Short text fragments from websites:
☆ ☆ ☆

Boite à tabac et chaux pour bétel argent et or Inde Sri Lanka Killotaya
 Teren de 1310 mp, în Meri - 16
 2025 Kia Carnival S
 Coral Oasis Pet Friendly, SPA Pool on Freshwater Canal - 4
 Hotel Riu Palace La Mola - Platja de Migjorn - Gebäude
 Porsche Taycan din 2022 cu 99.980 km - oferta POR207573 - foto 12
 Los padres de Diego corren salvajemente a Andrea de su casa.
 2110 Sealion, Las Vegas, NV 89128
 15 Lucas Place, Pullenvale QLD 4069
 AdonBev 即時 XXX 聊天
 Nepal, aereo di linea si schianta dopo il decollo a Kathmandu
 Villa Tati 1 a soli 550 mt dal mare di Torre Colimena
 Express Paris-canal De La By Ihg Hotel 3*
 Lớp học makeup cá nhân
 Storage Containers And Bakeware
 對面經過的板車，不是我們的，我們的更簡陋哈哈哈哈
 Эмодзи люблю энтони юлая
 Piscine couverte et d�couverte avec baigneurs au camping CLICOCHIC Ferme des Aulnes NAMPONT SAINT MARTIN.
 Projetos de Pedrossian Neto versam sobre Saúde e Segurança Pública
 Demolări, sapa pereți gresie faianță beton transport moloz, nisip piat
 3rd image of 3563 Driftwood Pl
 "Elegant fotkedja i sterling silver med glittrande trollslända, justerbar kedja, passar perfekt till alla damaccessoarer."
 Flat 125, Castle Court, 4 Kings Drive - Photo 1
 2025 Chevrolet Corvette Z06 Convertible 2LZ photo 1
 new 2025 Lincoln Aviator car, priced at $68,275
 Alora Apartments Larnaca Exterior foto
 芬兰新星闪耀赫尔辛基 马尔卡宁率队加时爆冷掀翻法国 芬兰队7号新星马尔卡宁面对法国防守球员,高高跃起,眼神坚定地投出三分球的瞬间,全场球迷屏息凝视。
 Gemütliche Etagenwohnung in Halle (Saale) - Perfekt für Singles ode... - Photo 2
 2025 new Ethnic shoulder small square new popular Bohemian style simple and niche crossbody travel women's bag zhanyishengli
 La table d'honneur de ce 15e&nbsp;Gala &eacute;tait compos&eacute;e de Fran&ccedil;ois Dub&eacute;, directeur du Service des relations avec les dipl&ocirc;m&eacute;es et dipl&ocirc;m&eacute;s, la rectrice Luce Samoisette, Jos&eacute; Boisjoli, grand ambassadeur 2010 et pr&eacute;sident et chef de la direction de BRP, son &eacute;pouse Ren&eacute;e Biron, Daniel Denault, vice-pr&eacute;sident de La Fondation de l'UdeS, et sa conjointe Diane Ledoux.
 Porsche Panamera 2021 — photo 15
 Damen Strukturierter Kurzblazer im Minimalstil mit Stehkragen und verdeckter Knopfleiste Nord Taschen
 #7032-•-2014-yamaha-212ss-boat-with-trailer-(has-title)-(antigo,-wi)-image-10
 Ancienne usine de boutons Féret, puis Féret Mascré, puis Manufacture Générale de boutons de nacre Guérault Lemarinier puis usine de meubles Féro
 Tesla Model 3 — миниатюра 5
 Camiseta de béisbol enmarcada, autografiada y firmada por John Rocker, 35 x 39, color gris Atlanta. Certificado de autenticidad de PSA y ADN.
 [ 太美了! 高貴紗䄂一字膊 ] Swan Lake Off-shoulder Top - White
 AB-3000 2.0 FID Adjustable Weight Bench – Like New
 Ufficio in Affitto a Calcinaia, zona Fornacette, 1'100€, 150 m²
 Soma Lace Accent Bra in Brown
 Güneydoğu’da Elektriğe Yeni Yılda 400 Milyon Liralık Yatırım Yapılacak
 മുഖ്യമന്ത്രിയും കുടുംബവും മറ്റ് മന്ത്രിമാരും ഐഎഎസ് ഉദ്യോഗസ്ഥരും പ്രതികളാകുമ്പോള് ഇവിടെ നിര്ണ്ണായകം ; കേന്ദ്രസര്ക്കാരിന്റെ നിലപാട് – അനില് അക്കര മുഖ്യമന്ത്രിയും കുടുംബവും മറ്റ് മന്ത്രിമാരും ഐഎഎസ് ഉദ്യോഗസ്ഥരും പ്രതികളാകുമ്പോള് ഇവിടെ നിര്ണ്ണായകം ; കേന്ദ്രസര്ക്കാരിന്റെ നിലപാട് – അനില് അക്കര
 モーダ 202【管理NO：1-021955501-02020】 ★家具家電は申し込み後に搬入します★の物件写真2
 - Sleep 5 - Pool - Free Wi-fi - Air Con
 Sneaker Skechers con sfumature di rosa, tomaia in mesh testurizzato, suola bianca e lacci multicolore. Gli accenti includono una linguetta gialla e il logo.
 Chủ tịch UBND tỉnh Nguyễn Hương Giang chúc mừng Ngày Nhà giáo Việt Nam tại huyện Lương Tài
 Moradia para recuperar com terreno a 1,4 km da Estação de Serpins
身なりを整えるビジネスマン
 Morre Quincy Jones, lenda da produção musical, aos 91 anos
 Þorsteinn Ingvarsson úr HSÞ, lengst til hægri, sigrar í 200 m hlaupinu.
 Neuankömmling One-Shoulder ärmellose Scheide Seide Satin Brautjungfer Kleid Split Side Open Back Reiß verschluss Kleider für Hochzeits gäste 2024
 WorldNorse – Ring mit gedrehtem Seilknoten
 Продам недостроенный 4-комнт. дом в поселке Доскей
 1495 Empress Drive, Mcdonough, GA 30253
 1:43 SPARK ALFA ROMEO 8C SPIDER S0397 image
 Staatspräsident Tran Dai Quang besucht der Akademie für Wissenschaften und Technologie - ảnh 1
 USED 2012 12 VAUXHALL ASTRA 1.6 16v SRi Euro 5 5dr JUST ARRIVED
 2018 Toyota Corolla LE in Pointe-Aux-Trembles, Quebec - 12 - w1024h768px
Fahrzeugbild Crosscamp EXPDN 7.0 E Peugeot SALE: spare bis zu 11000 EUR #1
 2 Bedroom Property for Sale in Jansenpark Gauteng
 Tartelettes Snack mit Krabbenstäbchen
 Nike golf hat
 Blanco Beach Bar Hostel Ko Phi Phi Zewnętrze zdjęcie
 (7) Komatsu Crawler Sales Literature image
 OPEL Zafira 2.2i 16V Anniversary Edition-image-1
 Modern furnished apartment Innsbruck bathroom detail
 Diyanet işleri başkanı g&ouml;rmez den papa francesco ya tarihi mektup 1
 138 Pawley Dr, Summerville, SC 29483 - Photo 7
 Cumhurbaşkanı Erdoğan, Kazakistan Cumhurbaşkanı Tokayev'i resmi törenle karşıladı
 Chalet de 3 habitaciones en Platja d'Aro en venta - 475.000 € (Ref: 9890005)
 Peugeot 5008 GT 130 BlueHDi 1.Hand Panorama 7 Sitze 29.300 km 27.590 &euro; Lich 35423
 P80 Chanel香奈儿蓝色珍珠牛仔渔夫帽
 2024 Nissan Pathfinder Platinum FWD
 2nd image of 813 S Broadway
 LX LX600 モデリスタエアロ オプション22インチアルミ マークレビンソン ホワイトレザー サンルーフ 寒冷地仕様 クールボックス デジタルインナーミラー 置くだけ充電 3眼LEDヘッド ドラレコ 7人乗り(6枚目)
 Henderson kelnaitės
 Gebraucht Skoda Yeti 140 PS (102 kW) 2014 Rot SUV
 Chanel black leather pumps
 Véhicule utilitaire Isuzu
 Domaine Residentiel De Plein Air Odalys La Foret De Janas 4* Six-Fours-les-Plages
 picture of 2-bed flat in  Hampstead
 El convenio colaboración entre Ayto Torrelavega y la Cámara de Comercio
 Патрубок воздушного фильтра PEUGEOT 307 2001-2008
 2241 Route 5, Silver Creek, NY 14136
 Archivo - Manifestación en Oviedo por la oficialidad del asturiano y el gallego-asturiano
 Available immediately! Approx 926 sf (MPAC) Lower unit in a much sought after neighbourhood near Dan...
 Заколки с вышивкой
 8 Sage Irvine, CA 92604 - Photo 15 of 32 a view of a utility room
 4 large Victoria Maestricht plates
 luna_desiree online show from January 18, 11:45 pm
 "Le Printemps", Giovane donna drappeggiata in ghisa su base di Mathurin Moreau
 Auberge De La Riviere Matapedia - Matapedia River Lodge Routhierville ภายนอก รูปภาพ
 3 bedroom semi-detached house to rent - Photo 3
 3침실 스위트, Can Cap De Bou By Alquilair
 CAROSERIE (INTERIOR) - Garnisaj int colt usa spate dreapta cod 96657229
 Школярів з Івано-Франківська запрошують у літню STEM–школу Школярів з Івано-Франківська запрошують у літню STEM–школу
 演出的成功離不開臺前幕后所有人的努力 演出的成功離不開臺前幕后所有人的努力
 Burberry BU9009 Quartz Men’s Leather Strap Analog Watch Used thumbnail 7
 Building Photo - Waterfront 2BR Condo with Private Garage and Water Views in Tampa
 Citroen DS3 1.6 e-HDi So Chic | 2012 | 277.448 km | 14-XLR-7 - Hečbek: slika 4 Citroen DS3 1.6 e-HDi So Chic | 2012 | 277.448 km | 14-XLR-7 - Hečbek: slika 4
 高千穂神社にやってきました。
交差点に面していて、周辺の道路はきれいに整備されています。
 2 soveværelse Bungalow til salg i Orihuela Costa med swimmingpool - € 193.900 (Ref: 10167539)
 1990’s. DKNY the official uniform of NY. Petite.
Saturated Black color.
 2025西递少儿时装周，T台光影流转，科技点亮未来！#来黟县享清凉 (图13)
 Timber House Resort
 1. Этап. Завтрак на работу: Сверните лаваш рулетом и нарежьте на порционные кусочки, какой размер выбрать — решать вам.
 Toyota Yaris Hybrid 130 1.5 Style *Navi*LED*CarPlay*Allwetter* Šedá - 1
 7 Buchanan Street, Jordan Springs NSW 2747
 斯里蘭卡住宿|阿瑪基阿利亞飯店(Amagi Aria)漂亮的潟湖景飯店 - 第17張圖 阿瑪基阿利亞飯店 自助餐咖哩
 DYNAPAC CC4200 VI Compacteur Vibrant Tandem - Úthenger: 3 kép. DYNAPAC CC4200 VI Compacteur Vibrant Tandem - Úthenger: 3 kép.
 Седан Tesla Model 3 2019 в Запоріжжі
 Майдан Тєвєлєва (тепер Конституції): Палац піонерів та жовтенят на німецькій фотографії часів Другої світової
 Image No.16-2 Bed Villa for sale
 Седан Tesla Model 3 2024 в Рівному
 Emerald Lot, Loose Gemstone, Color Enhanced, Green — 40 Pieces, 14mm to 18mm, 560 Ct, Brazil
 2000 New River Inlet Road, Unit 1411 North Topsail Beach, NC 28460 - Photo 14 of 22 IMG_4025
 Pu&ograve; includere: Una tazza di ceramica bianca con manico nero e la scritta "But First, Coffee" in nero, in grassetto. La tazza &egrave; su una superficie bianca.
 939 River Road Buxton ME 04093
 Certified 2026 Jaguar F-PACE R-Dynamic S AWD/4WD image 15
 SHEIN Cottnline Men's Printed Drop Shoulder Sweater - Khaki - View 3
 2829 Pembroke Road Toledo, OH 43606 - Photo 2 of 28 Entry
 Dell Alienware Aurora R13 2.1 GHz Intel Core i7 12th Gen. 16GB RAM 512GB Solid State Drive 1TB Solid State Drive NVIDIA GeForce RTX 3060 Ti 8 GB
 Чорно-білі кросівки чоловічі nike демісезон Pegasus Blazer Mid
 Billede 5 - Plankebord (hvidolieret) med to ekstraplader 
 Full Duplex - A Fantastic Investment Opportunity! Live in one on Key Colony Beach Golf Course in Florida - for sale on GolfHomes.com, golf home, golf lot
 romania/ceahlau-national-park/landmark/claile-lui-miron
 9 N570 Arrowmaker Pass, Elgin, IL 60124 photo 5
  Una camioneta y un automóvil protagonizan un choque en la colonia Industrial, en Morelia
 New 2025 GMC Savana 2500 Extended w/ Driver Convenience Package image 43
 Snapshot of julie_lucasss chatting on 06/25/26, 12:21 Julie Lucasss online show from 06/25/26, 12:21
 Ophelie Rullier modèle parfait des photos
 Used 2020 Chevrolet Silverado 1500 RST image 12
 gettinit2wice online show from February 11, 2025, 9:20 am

☆ ☆ ☆

Go through the data and copy every line that includes "Седан".

Answer section
 Седан Tesla Model 3 2019 в Запоріжжі
 Седан Tesla Model 3 2024 в Рівному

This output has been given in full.